*Data extract*.

<<<<

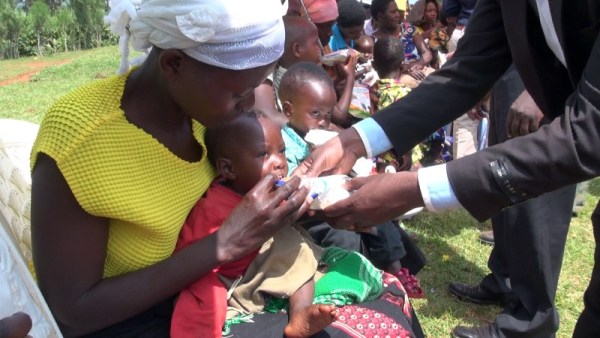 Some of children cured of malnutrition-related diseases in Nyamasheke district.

>>>>
<<<<

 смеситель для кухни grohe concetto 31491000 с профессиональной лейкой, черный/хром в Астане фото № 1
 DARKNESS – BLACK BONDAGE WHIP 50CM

>>>>
<<<<

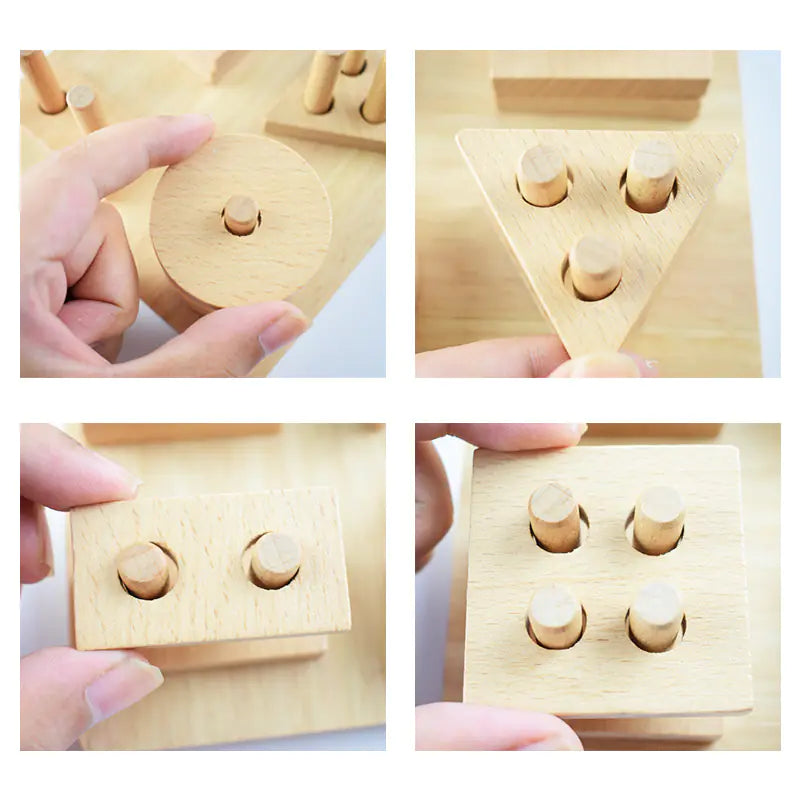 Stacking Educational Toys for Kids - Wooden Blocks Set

>>>>

*Problem to solve*.
Write out exactly the lines that fall from the line with "смеситель для кухни" to the line with "DARKNESS – BLACK BONDAGE WHIP 50CM" in the records above, keeping both ends.

*Result*.
 смеситель для кухни grohe concetto 31491000 с профессиональной лейкой, черный/хром в Астане фото № 1
 DARKNESS – BLACK BONDAGE WHIP 50CM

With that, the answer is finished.